English is like that uncle you don’t talk about at Christmas. I mean, yeah, if you’re born into the family, their shenanigans might make a creepy sort of sense. But, if you’re an outsider looking in… you’ll just never fully get it. English is just too big for its own good—hideously sutured together from a spate of other, prettier languages. It may have more words than any competitor, but is governed by fewer rules. I was taught I before E, except after C, or when sounded as an A, as in “neighbor” or “weigh,” so I guess dEIties and their philosophical antithesis, sCIEnce, have it wrong. “Rough” uses a silent GH to make an F sound (as anyone would immediately guess), but put a TH in front of the word (“through”) and the same two letters serve to extend a long U. The lead pipes lead underground. And so on.

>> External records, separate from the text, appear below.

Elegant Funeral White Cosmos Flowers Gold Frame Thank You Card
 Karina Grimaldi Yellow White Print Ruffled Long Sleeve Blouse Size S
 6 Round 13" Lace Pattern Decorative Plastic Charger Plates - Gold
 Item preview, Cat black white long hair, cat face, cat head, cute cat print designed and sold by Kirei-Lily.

For all its inconsistencies, however, English does have one linguistic element superior to any other language: P words. As an English major, I’m qualified to tell you that the best words start with P, and my home language has the greatest collection of them—etymologically influenced as they may be. Disagree? Take it up with my bachelor’s degree from UCR, bitch. You can’t possibly argue with the following (and, no, I did not plunder a dictionary, thank you very much):
Pack, Peck, Pick, Pock, Puck and sometimes Pyck
Damn, those are fun to say aloud—they Pop Pleasantly in my Practically Perfect Palate. You might notice, men, that I neglected to list your favorite P word. This wasn’t an accident, you Penis-Poaching Perverts. Lap this up, instead:
Pretty Pink Potent Potable
- 3 oz vodka
- 1 oz Limoncello
- .75 oz Chambord
- 6 oz sparkling berry lemonade
Pour ingredients over ice. Stir. Drink.
Have a joke:
A kindergartner was in the middle of activity time, when he was struck by a strong and sudden need to use the bathroom. He shot his hand up, but didn’t wait to be called on before yelling, “teacher, I really need to used the potty!” The teacher, a tough but not unkind woman, replied, “alright, but I want you to sing your ABCs first.” The boy wasn’t about to bargain, and dove right into it, “ABCDEFGHIJKLMNO QRSTUVWXYZ!” The teacher nodded, “good… but where’s the P?” The boy started to cry, “it’s running down my leg!”
Roll on snare.
TWTG says, “Let me put a bra on before you call the police.”